As we enter the month of November I am drawn to reflect on the freedom we are privileged to experience as a result of sacrifices made by the family members who, as veterans, served our countries in the maintenance of peace and liberty. Yet despite their sacrifices the search for peace among nations, within families, between individuals, and between individuals and their environment continues.
Spiritual masters remind us that world peace begins within each of us. A number of years ago on a visit to Westminster Abby, I felt drawn to descend into the Crypt beneath the cathedral. The words on a particular tomb, apparently written by the Anglican bishop buried there, emphasize the need for each of us to start with our self.
When I was young and free and my imagination had no limits, I dreamed of changing the world. As I grew older and wiser, I discovered the world would not change, so I shortened my sights somewhat and decided to change only my country.
But, it too, seemed immovable.
As I grew into my twilight years, in one more desperate attempt, I settled for changing only my family, those closest to me, but alas, they would have none of it.
And now as I lie on my deathbed, I suddenly realize: if I had only changed myself first, then by example I would have changed my family.

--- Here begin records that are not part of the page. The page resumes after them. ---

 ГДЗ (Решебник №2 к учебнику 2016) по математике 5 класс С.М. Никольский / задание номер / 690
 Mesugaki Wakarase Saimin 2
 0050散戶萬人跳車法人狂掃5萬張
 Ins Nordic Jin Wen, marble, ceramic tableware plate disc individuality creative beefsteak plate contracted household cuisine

From their inspiration and encouragement, I would then have been able to better my country and, who knows, I may have even changed the world.
His epitaph reminds us that when we transform ourselves we transform everything around us. When we live in peace we radiate peace. Marcus Aurelius noted that “He who lives in harmony with himself lives in harmony with the universe.” To transform in the direction of inner peace is to acknowledge that healing ourselves and working toward world peace and Human-Earth ecology is the same work.

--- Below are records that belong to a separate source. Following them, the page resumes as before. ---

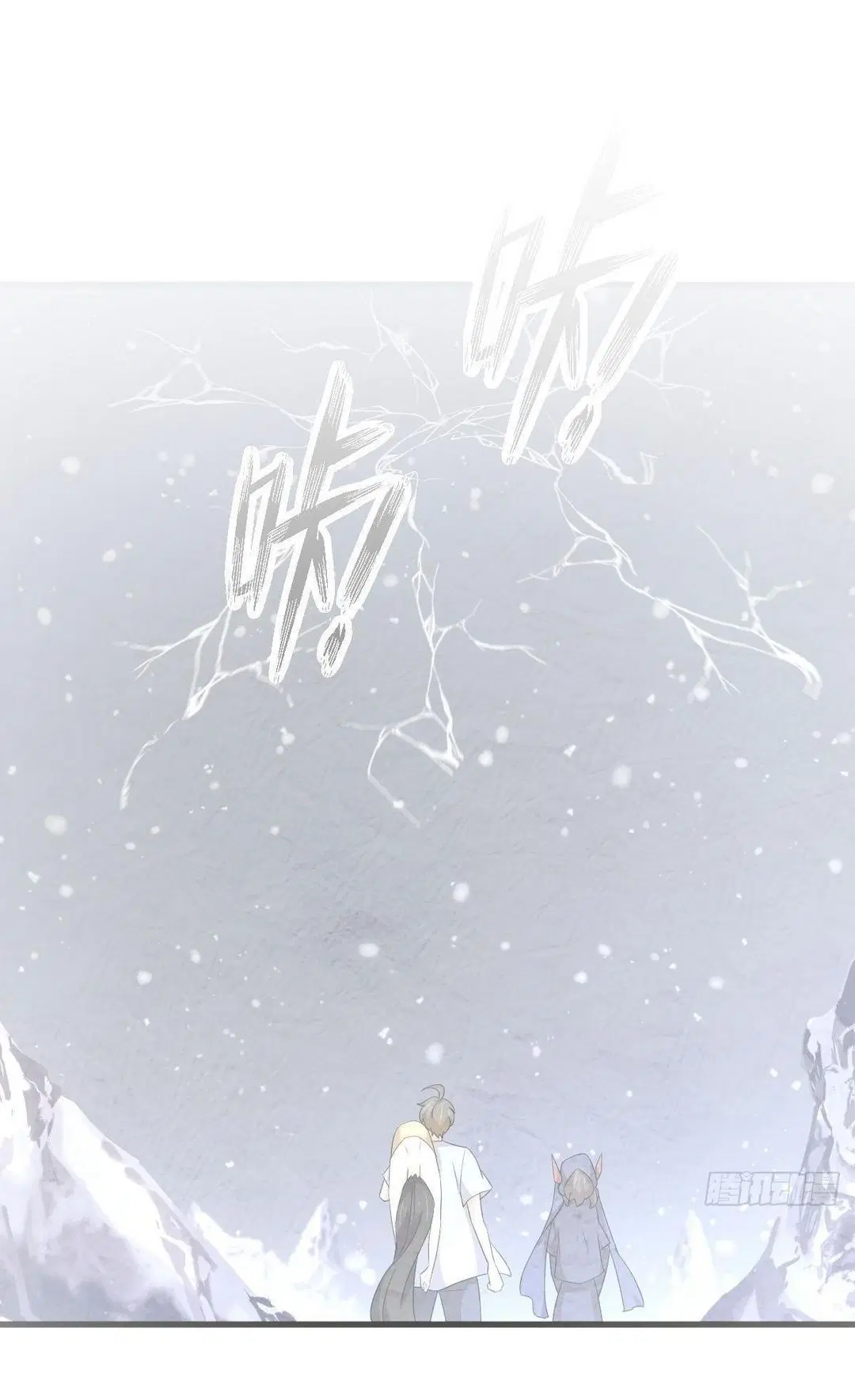 Immortal Swordsman in the Reverse World ตอนที่ 355 — page 2 of 49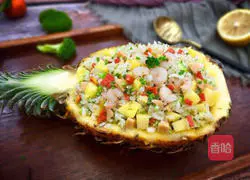 New way to eat pineapple~ Illustration of how to make pineapple and shrimp colorful rice 14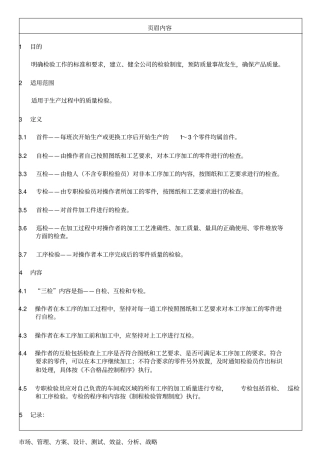三检管理制度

As we move into November, the month when we honor in a formal way those who have sacrificed so much for the freedom of our land, let us remember and celebrate them and let us also remember and celebrate the land. To celebrate the land is to remember the transformative aspects of the landscapes and the elements. It is to honor that the Earth is Mother to each of us. Her Rocks, Water, Fire and Air are for each of us, belong fully to each of us and are within each of us. Her Water is our blood. Her Air is our breath, and her Fire is our Spirit.

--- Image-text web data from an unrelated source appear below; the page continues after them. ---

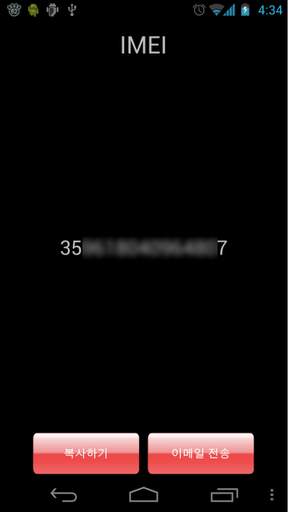 Show IMEI screenshot 1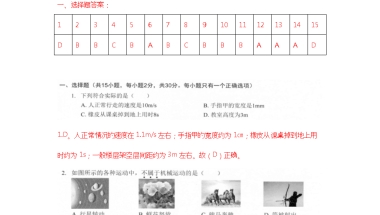 关于2019深圳福田区本科入户规定的信息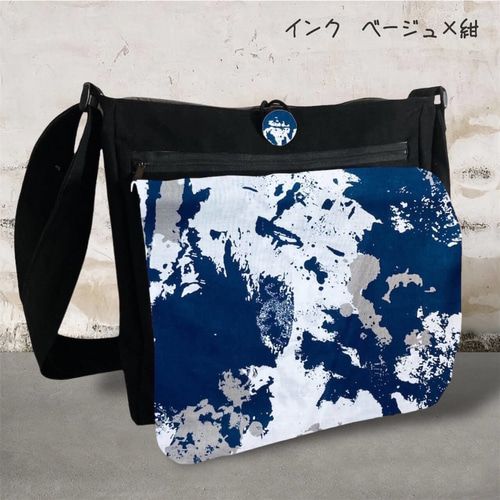 こん　手刺繍　シューズバッグ　サブバッグ　ティッシュケース　【1/2】 ミニティッシュ付き】ワンポイント手刺繍入りティッシュケース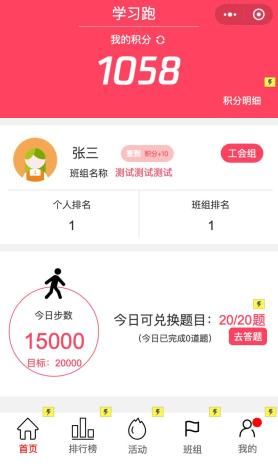 -立即点击参与活动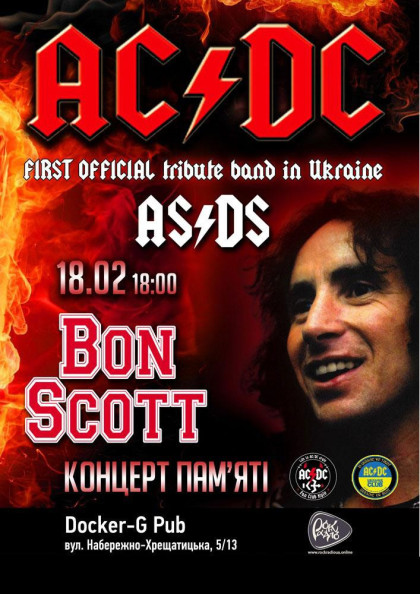 Tribute AC/DC (Bon Scott - Концерт пам'яті) - Band AS/DS Tribute AC/DC (Bon Scott - Концерт пам'яті) - Band AS/DS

As we ponder ways to thank and honor all veterans and their families, especially those veterans who are or were a part of our own families, may we also ponder our part in making sure that those who have sacrificed and died for this cause know that we have taken up the torch. May each of us radiate so brightly that our inner torch ignites the spark of inner peace for multitudes, regardless of race, culture or religious beliefs.